Article 58228 I love Spider-Man – but would my son? How I learned a hard lesson about heroes

I love Spider-Man – but would my son? How I learned a hard lesson about heroes

by
Tom Lamont
from World news | The Guardian on (#58228)

He's my all-time favourite comic character. But do the real heroes still wear spandex?

A decade ago I got married in a wedding outfit that, because of the shambles of assembling it, I can remember thread for thread. I had a new suit (dark grey, secret pockets) that I was shyly proud of; but with a couple of hours to go, I hung it in the wrong place in a public bathroom and the jacket was sprayed at close range by an auto-dispersing air freshener, the rich and tangy scent of which I could never scrub clear. My smart shoes, fine in the shop, turned out to be so unrealistically sleek-soled that I couldn't stay upright on the walk to the venue and had to arrive in trainers. Way too late in the day, I noticed that my fancy dress-shirt needed cufflinks and all I had in my drawer was a pair of bug-eyed scarlet superhero heads, given to me once as a joke. I wound up at the altar, making my solemn vows, wearing a little Spider-Man on either wrist.

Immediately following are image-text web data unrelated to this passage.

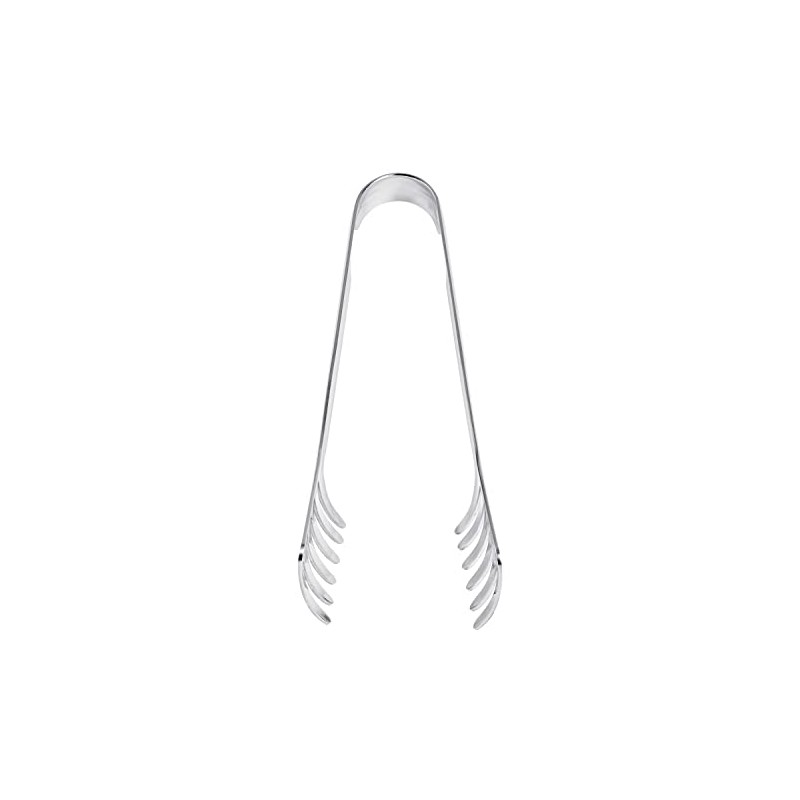 triangle Spaghetti Tongs - Ideal for Turning, Tossing, Flipping &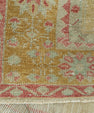 Turkish Vintage Rug 4'8" x 8'5" #20837
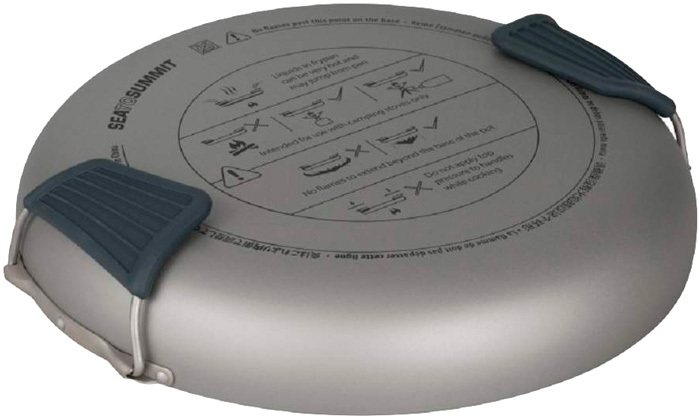 Набор посуды Sea To Summit X-Set 32 (кастрюля + чайник+сковорода)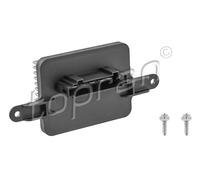 TOPRAN 724 117 Resistenza, Ventilatore abitacolo per CITROËN,DS,PEUGEOT
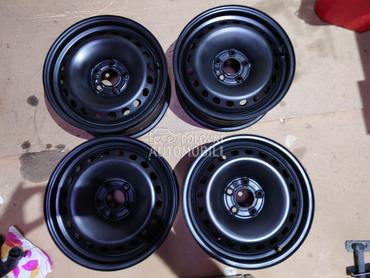Čelične felne  16" 5 x 110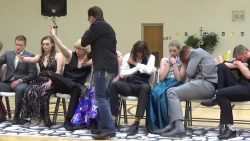 2018 Prom Hypnosis Show — Maquoketa Valley High School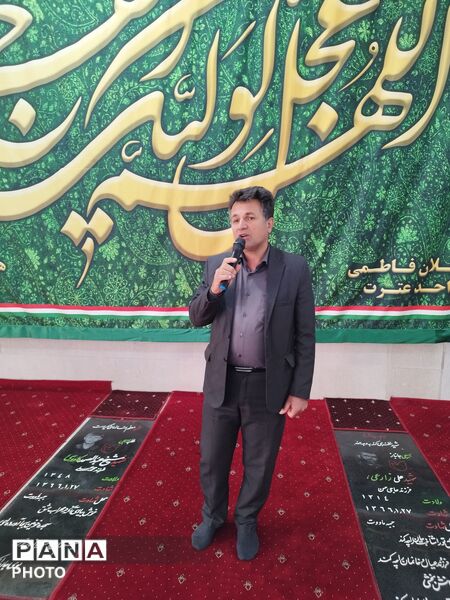 طنین نوای وحی در ارسنجان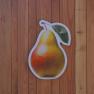 Sleeping hut pear, © Familie Roseneder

The older I get, the more that Spider-Man cameo, at such a big juncture in my life, comes to feel right. Where some people look to religious texts for spiritual comfort and a sense of continuity, others to Shakespeare or spirit animals, or the Harry Potter series, I've always been a sucker for the relentless reliable churn of superhero stories. I'll watch or read just about any of them in a pinch. But Spider-Man has always been the one.